With 85 percent of the members from 13 locals voting in favor, the agreement means that the union will continue to take constructive steps to ensure that the company remains competitive. The settlement was negotiated in the wake of a U.S. Bankruptcy Court ruling in May which gave Patriot permission to reject its collective bargaining agreement and modify its covenant regarding retiree health care.

“The membership has made it clear that they are willing to do their part to keep Patriot operating, keep their jobs and ensure that thousands of retirees continue getting the health care they depend on and deserve,” stated UMWA President Cecil Roberts. “This has been a difficult and uncertain year for our members. But I believe that in the end, they understood that we had done a lot to improve what the judge had ordered. They also understood all that was at stake and resolved to move forward in a positive way.

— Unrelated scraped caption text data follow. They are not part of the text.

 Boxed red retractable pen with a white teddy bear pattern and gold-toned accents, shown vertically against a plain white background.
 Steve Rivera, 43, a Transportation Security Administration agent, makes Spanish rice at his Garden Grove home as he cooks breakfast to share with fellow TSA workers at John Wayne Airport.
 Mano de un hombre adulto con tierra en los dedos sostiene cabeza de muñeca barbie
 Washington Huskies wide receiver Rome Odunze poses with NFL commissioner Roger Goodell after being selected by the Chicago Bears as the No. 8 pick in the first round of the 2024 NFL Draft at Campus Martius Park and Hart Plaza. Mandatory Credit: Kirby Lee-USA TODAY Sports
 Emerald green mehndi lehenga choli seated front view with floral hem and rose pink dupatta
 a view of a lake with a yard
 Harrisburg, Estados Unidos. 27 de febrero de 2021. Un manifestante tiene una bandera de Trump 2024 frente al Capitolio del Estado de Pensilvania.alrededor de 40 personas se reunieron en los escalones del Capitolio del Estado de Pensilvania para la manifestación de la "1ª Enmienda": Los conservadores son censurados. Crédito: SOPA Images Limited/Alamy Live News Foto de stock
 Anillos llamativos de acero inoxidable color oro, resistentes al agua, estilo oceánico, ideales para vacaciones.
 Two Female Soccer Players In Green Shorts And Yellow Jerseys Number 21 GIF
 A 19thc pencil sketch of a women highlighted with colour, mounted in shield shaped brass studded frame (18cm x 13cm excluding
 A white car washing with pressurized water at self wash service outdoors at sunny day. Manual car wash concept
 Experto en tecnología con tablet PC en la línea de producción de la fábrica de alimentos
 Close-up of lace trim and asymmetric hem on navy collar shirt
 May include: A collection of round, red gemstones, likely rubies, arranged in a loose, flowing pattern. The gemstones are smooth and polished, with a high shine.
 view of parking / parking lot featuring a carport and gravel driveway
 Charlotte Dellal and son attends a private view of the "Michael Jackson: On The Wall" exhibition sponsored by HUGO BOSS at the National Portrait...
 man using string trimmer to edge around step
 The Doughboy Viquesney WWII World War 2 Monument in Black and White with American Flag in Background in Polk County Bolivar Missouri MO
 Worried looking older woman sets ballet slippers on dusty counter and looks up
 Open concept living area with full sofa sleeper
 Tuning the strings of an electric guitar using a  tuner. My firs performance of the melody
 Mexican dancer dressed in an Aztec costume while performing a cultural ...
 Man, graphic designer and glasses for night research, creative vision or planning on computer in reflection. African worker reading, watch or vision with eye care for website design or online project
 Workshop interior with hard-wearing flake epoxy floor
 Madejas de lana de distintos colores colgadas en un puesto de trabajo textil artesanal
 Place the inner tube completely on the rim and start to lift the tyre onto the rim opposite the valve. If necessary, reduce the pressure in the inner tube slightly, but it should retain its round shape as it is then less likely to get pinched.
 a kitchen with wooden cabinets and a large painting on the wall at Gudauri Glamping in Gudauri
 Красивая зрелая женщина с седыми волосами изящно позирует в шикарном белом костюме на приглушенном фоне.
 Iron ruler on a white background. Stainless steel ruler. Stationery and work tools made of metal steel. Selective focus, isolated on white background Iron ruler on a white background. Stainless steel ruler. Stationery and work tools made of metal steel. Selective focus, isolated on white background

“But as we work to keep Patriot a viable company into the future, we have not forgotten how we got here and who is responsible. With this agreement, we have foiled the schemes of Peabody Energy and Arch Coal by continuing to both provide health care for retirees and maintain union jobs at these mines.”

Patriot was spun off from Peabody in 2007. The new company was saddled with nearly $600 million in obligations for retiree health care owed to its employees, retirees and their families. In 2008, Patriot absorbed Magnum Coal, which had been created from Arch Coal three years earlier, and its $400 million obligation for retiree health care. Last year, Patriot declared bankruptcy.

With the backing of a united labor movement, the union has waged an all-out fight to secure justice for its members, retirees and their families. Many MTD affiliates have come to the aid of the UMWA. The MTD Executive Board approved a statement of support during its February meeting.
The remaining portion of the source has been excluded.